Looking Good vs. Doing Good
In the world of public relations, it is about more than just fact – perception matters. The goal of any PR campaign is to make the person, company, organization, or goal seem to be as good and favorable as it can be, and keep its positives and popularity at a high mark. This is especially true when it comes to charitable groups and organizations, since the perception of achieving something important feeds more support to do more good. A charity that does great works, but doesn’t come off as being successful or providing help is not likely to continue to get the assistance from volunteers and donors that they count on.
Ronn Torossian, the CEO of 5W Public Relations, a world-renowned PR firm based in New York City, knows that perception and faith are both vital. Sometimes, it’s a complicated line. For example, if a famous person lends their image or their words in support of cause, are they actually doing good, or just using the attachment with a charity to look good? Yes, actors, musicians, reality show stars, and performers of all stripes want to be liked by the public, so a little good PR goes a long way.
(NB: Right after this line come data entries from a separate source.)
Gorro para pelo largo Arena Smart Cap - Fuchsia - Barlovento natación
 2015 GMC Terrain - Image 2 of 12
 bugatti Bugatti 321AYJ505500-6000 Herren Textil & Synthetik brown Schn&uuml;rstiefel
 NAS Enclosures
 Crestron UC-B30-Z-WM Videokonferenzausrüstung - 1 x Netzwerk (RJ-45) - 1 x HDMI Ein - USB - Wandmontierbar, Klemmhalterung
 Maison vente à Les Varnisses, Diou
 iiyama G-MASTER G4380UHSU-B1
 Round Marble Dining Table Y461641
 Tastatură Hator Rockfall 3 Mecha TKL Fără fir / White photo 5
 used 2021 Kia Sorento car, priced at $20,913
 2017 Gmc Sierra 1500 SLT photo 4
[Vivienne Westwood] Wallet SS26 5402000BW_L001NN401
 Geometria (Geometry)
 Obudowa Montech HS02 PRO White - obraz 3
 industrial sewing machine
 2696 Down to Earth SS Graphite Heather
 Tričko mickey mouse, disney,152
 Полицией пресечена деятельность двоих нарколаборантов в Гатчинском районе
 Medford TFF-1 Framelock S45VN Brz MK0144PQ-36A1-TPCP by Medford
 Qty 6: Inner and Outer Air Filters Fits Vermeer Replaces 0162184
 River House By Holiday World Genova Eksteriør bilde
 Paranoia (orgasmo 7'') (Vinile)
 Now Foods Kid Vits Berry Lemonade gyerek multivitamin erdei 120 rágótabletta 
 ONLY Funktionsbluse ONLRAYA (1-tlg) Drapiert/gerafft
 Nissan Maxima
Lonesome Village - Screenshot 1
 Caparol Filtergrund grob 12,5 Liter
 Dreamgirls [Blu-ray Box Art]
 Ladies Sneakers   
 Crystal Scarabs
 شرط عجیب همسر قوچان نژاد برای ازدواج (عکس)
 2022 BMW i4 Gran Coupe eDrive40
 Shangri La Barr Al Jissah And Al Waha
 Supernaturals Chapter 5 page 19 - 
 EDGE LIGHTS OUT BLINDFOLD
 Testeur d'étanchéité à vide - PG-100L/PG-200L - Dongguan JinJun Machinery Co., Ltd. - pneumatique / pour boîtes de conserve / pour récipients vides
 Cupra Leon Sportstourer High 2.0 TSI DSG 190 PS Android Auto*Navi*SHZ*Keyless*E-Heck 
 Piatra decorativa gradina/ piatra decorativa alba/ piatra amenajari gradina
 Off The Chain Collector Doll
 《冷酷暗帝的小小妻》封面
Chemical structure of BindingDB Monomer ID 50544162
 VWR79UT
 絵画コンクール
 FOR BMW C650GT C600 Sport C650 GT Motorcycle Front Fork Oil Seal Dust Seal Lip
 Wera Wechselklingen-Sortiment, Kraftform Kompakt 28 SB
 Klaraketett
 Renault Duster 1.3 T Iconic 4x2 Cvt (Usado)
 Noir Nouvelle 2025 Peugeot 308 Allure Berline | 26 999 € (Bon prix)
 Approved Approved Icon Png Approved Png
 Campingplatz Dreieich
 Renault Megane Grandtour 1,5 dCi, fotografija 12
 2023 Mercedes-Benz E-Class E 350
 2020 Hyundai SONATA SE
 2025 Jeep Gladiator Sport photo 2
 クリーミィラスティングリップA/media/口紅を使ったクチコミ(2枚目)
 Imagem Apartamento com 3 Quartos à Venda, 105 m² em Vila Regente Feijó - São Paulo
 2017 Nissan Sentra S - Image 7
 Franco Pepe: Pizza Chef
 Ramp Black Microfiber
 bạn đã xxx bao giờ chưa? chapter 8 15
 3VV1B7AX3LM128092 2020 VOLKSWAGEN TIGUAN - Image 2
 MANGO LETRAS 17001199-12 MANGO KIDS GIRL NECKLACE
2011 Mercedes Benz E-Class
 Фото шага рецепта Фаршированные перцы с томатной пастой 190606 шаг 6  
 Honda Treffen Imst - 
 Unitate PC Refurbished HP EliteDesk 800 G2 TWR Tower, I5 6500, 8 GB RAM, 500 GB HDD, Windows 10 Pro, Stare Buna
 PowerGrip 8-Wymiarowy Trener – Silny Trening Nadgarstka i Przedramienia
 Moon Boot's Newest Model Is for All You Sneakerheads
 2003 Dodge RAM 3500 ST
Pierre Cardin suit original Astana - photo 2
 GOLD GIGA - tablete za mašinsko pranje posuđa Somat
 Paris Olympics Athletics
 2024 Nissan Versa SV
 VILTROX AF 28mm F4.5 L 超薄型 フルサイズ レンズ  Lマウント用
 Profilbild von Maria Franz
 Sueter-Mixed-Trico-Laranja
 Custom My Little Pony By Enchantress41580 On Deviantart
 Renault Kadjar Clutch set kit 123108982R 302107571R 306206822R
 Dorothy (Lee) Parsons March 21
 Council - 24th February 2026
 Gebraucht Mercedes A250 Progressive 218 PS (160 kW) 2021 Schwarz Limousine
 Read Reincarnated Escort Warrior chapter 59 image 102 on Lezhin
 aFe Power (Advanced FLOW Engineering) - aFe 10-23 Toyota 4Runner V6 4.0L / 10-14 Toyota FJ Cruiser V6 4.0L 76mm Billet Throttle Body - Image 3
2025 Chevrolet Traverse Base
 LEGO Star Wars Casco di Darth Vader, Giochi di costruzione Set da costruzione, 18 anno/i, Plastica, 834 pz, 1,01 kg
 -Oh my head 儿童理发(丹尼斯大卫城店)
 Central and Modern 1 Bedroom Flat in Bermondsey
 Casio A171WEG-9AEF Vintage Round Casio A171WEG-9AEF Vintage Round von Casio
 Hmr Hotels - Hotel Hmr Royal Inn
Are they really helping the cause?
In some cases, these glitterati dive into charitable work, raising money and awareness, volunteering their time, and even talking to world leaders about the importance of their cause. For others, it’s just a quick photo-op or voice over, then back to their lives. In that instance, is that looking good, or actually doing good? Ultimately, it is always both. If Brad Pitt agrees to let his image be used with a campaign to end world hunger, even if Mr. Pitt himself doesn’t donate or do work for the group, he raises awareness for the cause, and allows the charitable organization to raise money and draw in support using his name. Does it make Mr. Pitt seem even more charitable? Yes. Does it actually do some good? Depending on how the public relations campaign uses him, yes, it absolutely can.
However, there are the disingenuous out there. BP’s donations to wildlife groups after the Gulf Coast oil spill were meant to be good press, especially since it was so much less than the costs of the actual cleanup, and less than the amount they could have been held liable for in a court of law. It did do some good, but it was more cosmetic than functional. Charities need to use every resource they can, and let people know they are succeeding, because when they look good, they can get the means to achieve more doing good, and that’s a very good thing.